Web Information Retrieval -- Xiannnong Meng

Search Engine Project Part 2: Basic Text Processing and Indexing

Summer 2014

Project	Part 1	Part 2	Part 3	Part 4	Part 5

Introduction

In this phase of the project you are to build the indexing component of the search engine. Refer to the description of the first phase of the project for the relation between the indexing component and the rest of the system.

The indexer takes a sequence of file names as input. For each of the files specified by the file name, the indexer processes the file in the following steps.

Lexical analysis (tokenizing)

Stopwords removal

Stemming

Selection of indexing terms among the word collection

Updating the indexing system for the newly processed file

You may restrict the types of files to process to a sub-set of all files. As a minimum your program should be able to handle plain text files and HTML files. Your program may ignore other types of files for now.

The result of the processing should be an inverted indexing system that all index terms that are found in the set of files. In later stages of the project, a crawler will provide a sequence of URLs (file names) to the indexer. The result of the indexing system can be used by the retriever to select relevant URLs based on the search key words.

Technical Details

Here we describe some of the details in each steps involved in the indexing.

Lexical Analysis

In general you can consider the input file as a long text string. The task of lexical analysis is to parse this long text string into a collection of words based on the specified delimiter(s). In this part of the processing you should also be able to extract the URLs contained in the file if they are part of the anchors. For example, if we have the following anchor inside a web page,

<a href = "http://www.somewhere.com/SomePath/aFile.html">some description</a>

the lexical analysis unit should be able to separate and extract out the following two components.
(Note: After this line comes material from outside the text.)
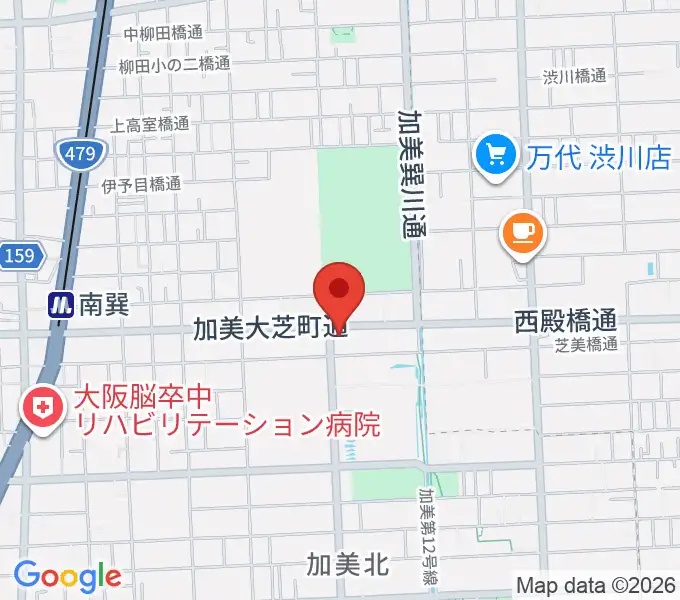 ストレングスビヨンドの地図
The URL text as http://www.somewhere.com/SomePath/aFile.html

A list of words from this segment as http, www, somewhere, com, SomePath, aFile, html, some, description (note that commas are added in the list of words.)

Although we do not use these URLs to access other web pages at this stage of the process, we just extract the URLs, these URLs will be used in the crawling part of the project.
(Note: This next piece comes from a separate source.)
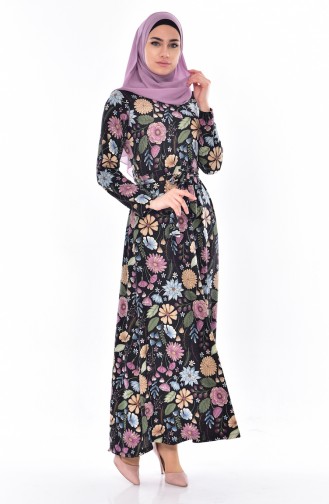 Purple Hijab Dress 5158-02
The lexical analysis can be done in different ways. You can use a pattern match approach (regular expression), or you can design and implement your own finte-state machine to recognize words and URLs, or you can use string match and search functions or other software modules available in the high level programming language you choose (e.g., Java, Python, or C.)

To ease the processing, it might be a good idea to pre-process the text such that

Multiple white spaces (i.e., new-line, tab and space chars) are squeezed into one and all new line characters, tabs are converted into the space character;

All characters are converted into lower case.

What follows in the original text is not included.